TD_OneClassSVM is a linear support vector machine (SVM) that performs classification analysis on data sets to identify outliers or novelty in the data.
This function supports the Classification (loss: hinge) model. During the training, all the data is assumed to belong to a single class (value 1), therefore ResponseColumn is not needed by the model. For TD_OneClassSVMPredict, output values are 0 or 1. A value of 0 corresponds to an outlier, and 1 to a normal observation orinstance.
TD_OneClassSVM is implemented using Minibatch Stochastic Gradient Descent (SGD) algorithm, which is highly scalable for large datasets. See TD_GLM for information about SGD.
The function output is a trained one-class SVM model, which can be input to TD_OneClassSVMPredict for prediction. The model also contains model statistics of MSE, Loglikelihood, AIC, and BIC.

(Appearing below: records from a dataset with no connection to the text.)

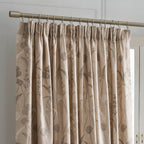 Floral Pencil Pleat Curtains - Taupe - DUSK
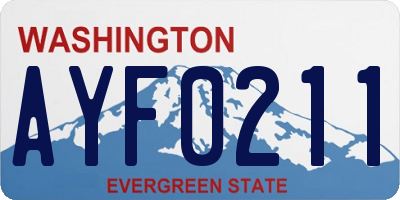 WA license plate AYF0211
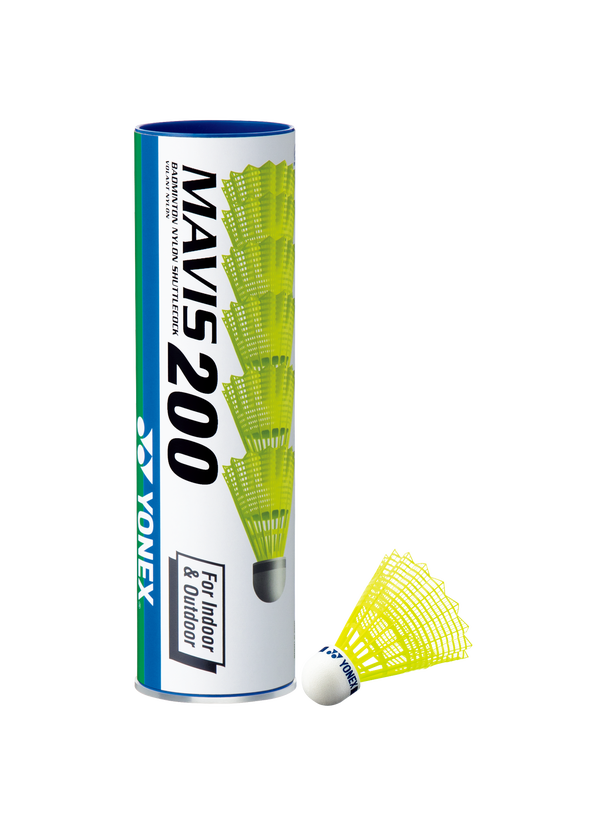 Yonex Mavis 200 Plastic Nylon Shuttles [Yellow - 6pcs]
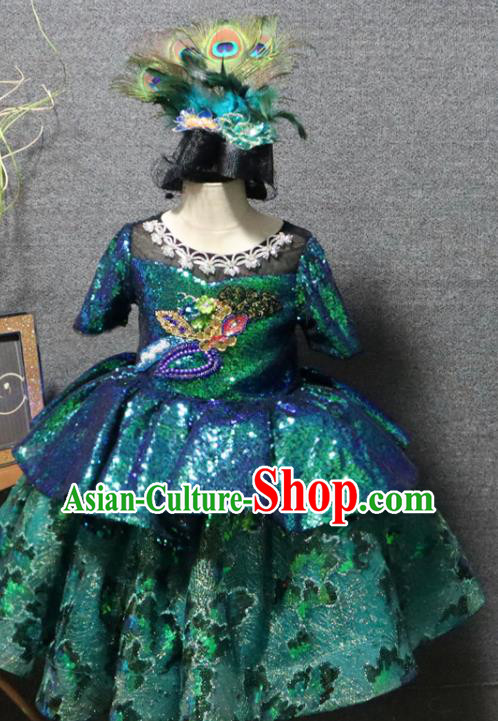 Top Girl Chorus Garment Catwalks Green Sequins Dress Christmas Party Formal Evening Wear Children Day Performance Clothing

One-class SVM is a machine learning algorithm used for anomaly detection to identify data points that deviate significantly from the norm. It is a variant of Support Vector Machines (SVM) that is designed to work with only one class of data.

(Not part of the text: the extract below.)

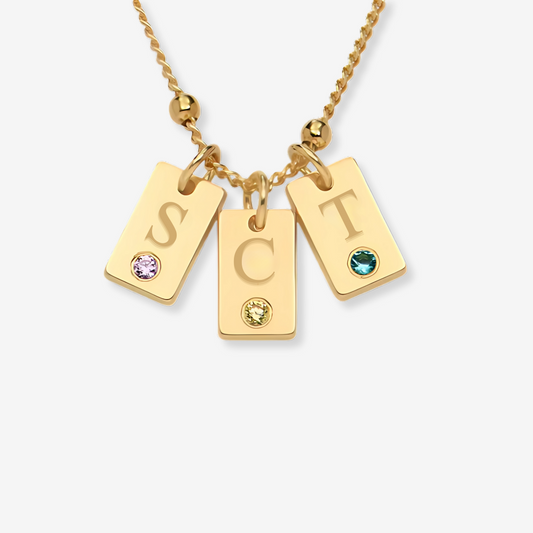 Dainty 18K Gold Birthstone Initial Necklace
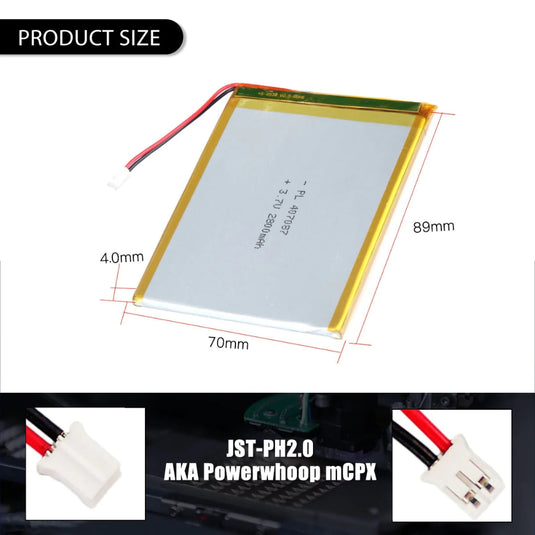 [PH2.0-JST Connector][357090] Universal 2800mAh 3.7V Rechargeable Li-Ion Lithium Polymer Battery - Polar Tech Australia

One-class SVM works by first mapping the input data to a high-dimensional feature space and then finding the hyperplane that separates the data from the origin with the largest margin. The hyperplane is then used to classify new data points as either belonging to the same class as the training data or not.
One of the main advantages of TD_OneClassSVM is that it can be used with unlabeled data, meaning it can detect anomalies without requiring labeled data for training. This makes it particularly useful for detecting fraud, intrusion detection, and other types of security applications where anomalous behavior is often the most important signal.
However, TD_OneClassSVM has some limitations, such as being sensitive to the choice of kernel function, and not being suitable for datasets with high levels of noise or a significant overlap between classes. One-class SVM remains a powerful tool for anomaly detection and is widely used in industry and research.